On appeal, Barniak continues to maintain that the instant action insofar as asserted against him is barred by the doctrine of res judicata. We agree. “Entry of an order pursuant to CPLR 3126 striking an answer is the equivalent of a default in answering” (Fappiano v City of New York, 5 AD3d 627, 628 [2004]; see Rokina Opt. Co. v Camera King, 63 NY2d 728 [1984]; Pisciotta v Lifestyle Designs, Inc., 62 AD3d 850, 852 [2009]). A judgment by default which has not been vacated is conclusive for res judicata purposes, and encompasses both issues which were raised or could have been raised in the prior action (see Lazides v P & G Enters., 58 AD3d 607, 609 [2009]; Perkins v Allstate Ins. Co., 51 AD3d 647, 648 [2008]; Zayatz v Collins, 48 AD3d *7351287, 1289 [2008]; 83-17 Broadway Corp. v Debcon Fin. Servs., Inc., 39 AD3d 583, 585 [2007]). Furthermore, “under New York’s transactional analysis approach to res judicata, ‘once a claim is brought to a final conclusion, all other claims arising out of the same transaction or series of transactions are barred, even if based upon different theories or if seeking a different remedy’ ” (Matter of Hunter, 4 NY3d 260, 269 [2005], quoting O’Brien v City of Syracuse, 54 NY2d 353, 357 [1981]).

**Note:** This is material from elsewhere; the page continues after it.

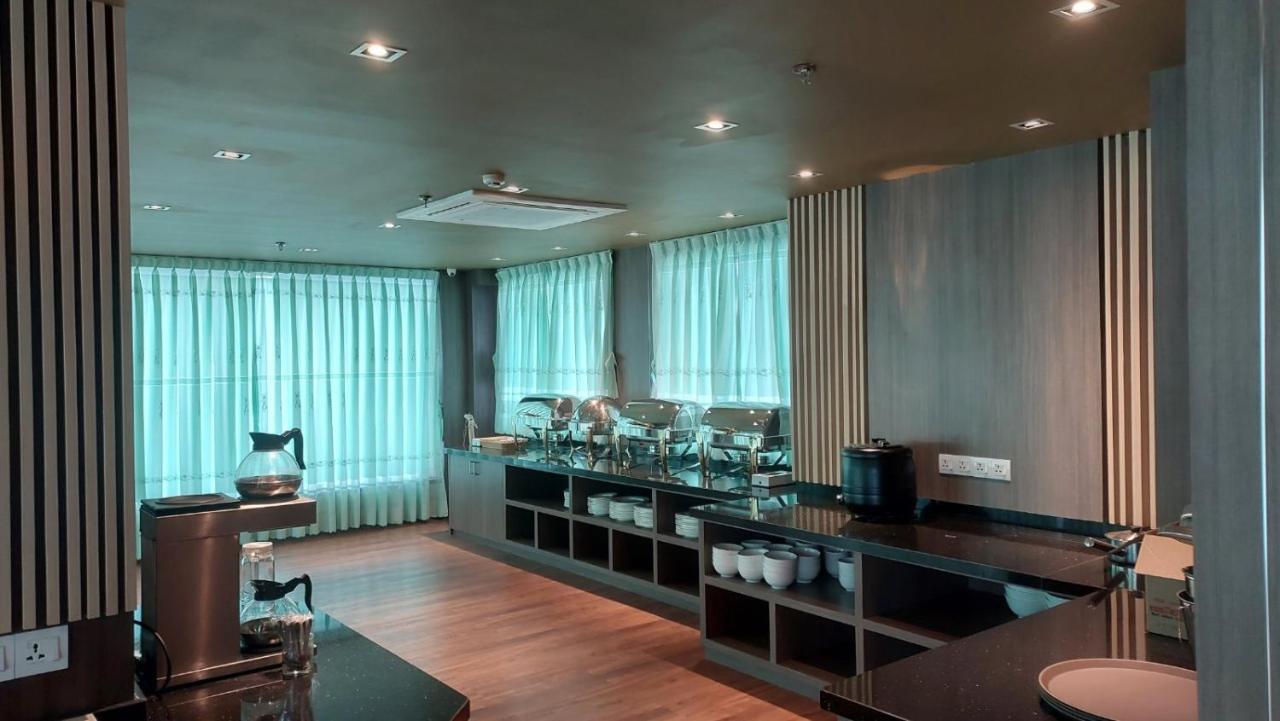 Hotel Grand Galaxy Rangoon Eksteriør billede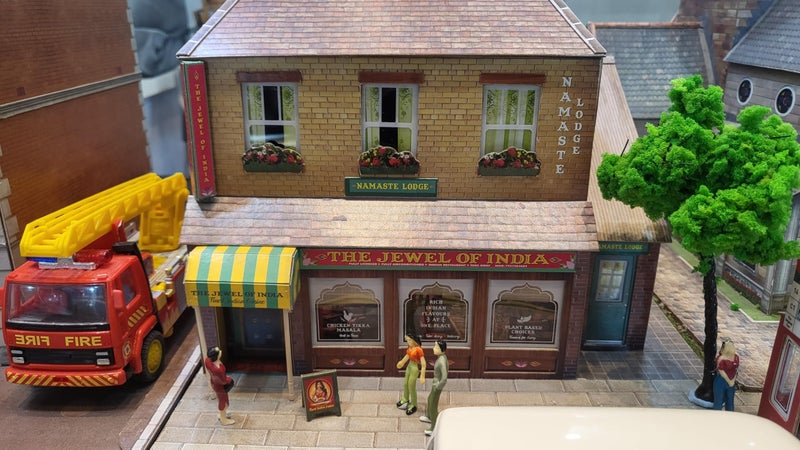 The CityBuilder Indian Restaurant Model Making Kit 1:43 Scale (7mm) O Gauge - Image 3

Here, the existence of a valid antecedent debt consisting of the mortgage upon which this foreclosure action is predicated was raised as a defense in the second action, and that action resulted in a judgment on the merits setting aside the conveyance of the subject property as fraudulent. Under these circumstances, the doctrine of res judicata bars Richter from maintaining this foreclosure action, which has the potential to impair rights conclusively established in the prior action (see Matter of People v Applied Card Sys., Inc., 11 NY3d 105, 125 [2008], cert denied sub nom. Cross Country Bank, Inc. v New York, 555 US —, 129 S Ct 999 [2009]; Lazides v P & G Enters., 58 AD3d at 609; 83-17 Broadway Corp. v Debcon Fin. Servs., Inc., 39 AD3d at 585; Million Gold Realty Co. v S.E. & K. Corp., 4 AD3d 196, 197 [2004]; Rizzo v Ippolito, 137 AD2d 511 [1988]), and the Supreme Court should have granted Barniak’s cross motion pursuant to CPLR 3211 (a) (5) to dismiss the complaint insofar as asserted against him.
In light of our determination, we need not address Barniak’s remaining contentions. Skelos, J.E, Balkin, Eng and Austin, JJ., concur.